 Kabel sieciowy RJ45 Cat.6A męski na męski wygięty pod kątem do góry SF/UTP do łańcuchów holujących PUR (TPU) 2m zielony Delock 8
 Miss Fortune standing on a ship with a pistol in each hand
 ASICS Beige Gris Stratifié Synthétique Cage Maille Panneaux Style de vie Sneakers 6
------------------------------
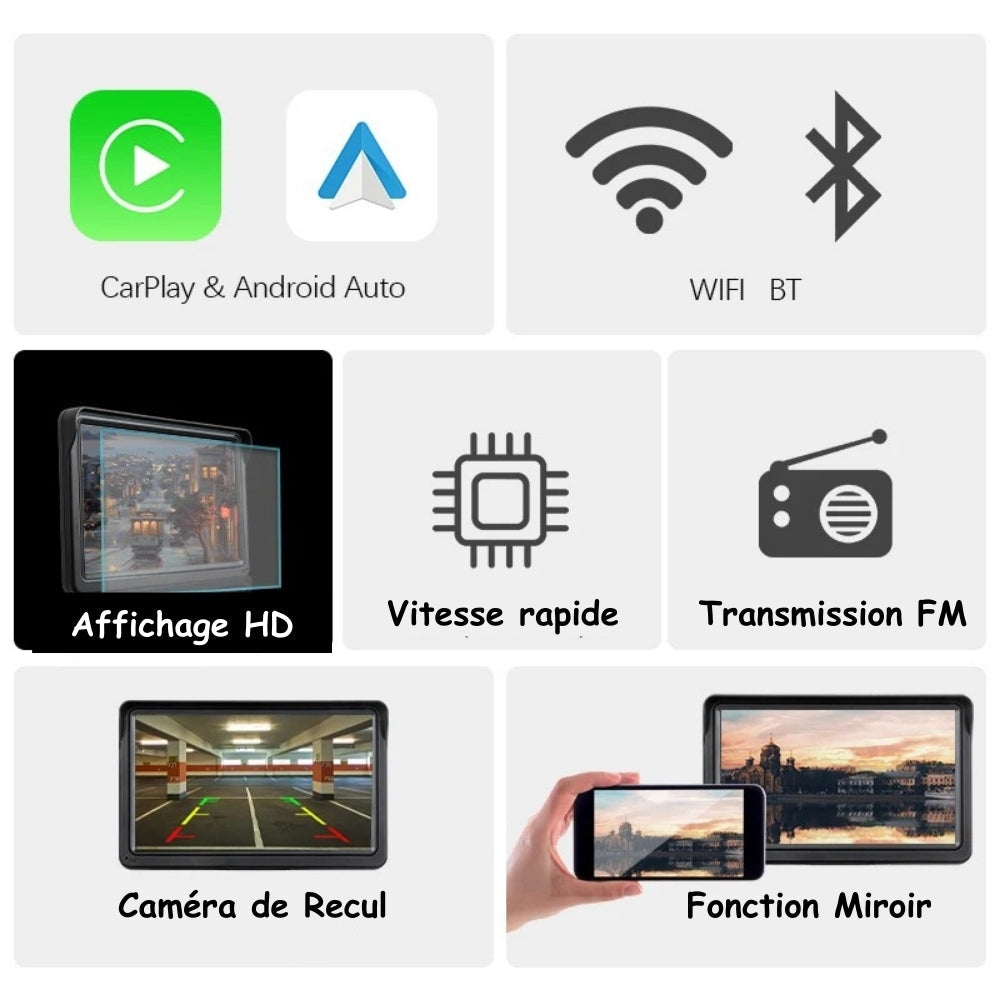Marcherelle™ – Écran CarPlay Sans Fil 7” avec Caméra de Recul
------------------------------
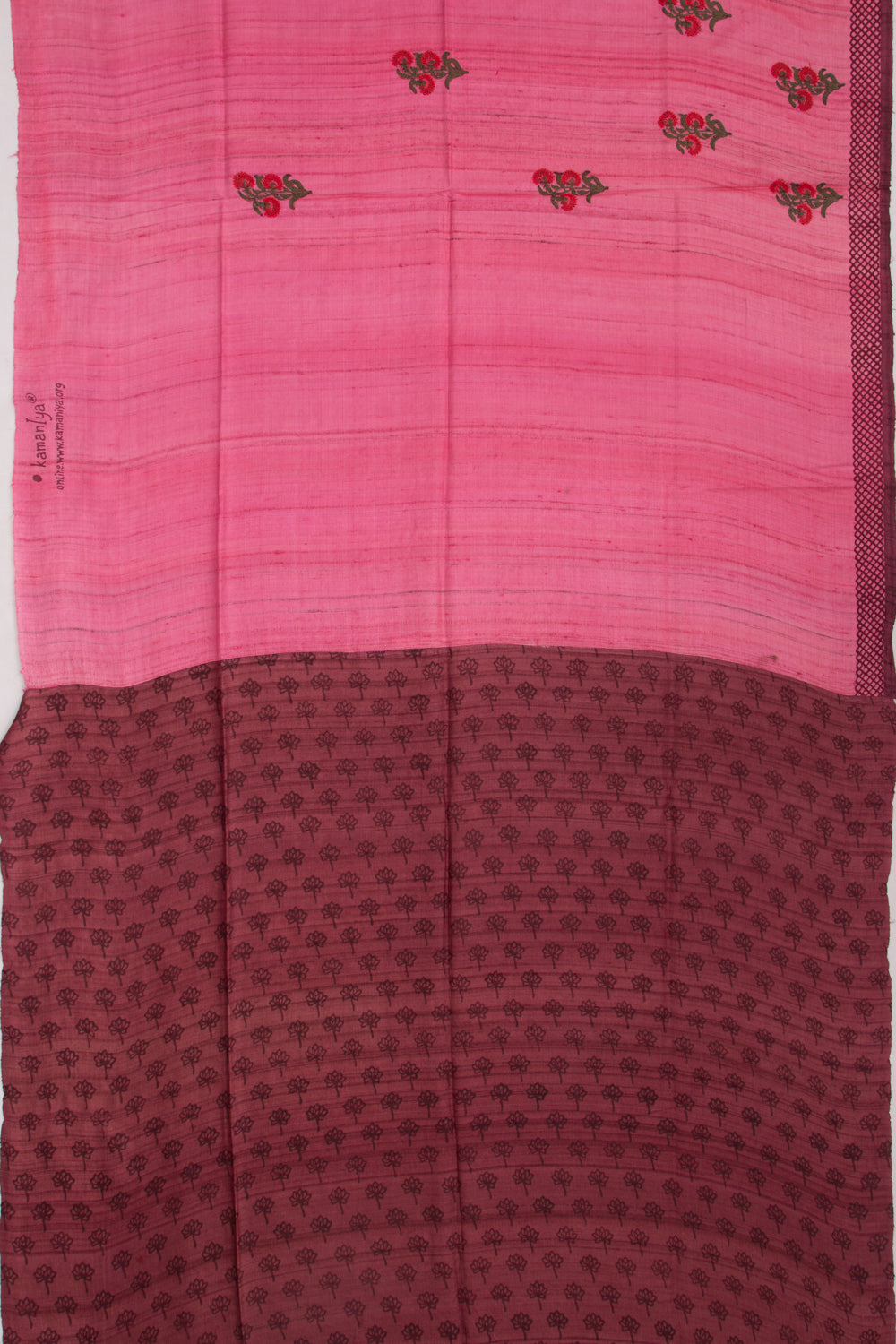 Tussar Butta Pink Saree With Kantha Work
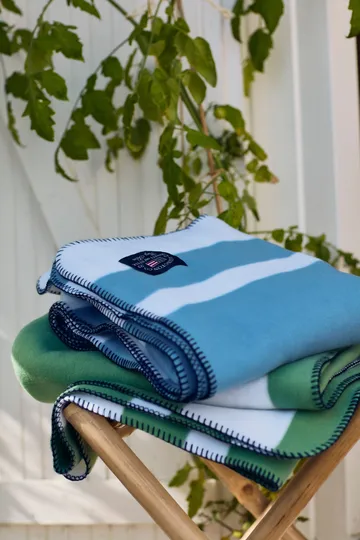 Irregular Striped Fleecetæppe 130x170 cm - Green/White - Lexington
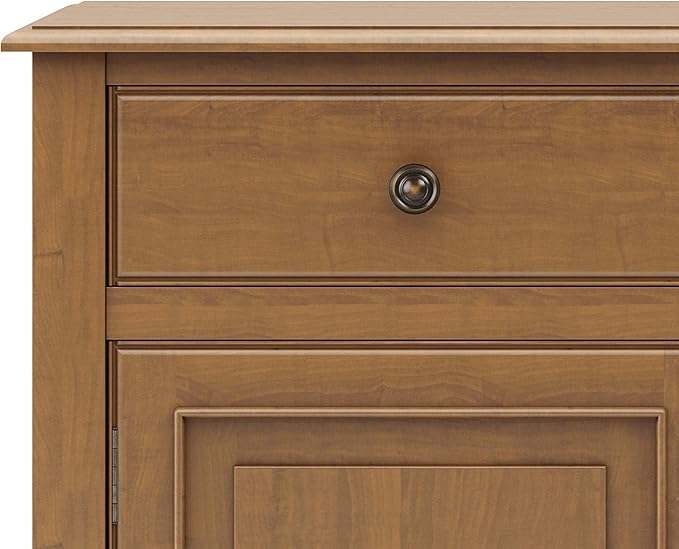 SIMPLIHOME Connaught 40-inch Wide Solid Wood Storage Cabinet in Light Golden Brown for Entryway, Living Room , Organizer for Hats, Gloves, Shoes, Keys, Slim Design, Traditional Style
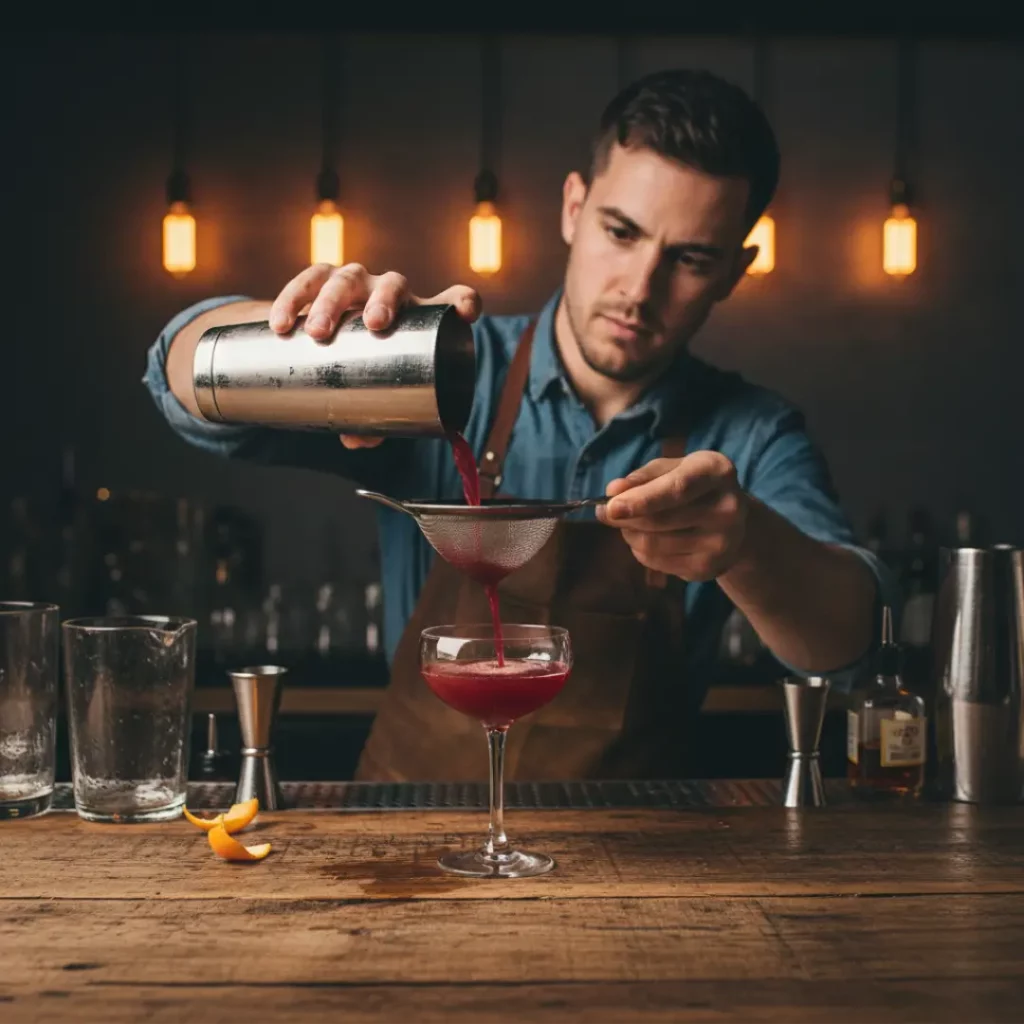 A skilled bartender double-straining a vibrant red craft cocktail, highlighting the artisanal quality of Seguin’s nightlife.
------------------------------
WHAT YOU HAVE TO DO:
Exact repeat of the material above: every line from the one with "SIMPLIHOME Connaught 40-inch" through the one with "A skilled bartender", endpoints included, and nothing more. No pictures.

TASK OUTPUT:
 SIMPLIHOME Connaught 40-inch Wide Solid Wood Storage Cabinet in Light Golden Brown for Entryway, Living Room , Organizer for Hats, Gloves, Shoes, Keys, Slim Design, Traditional Style
 A skilled bartender double-straining a vibrant red craft cocktail, highlighting the artisanal quality of Seguin’s nightlife.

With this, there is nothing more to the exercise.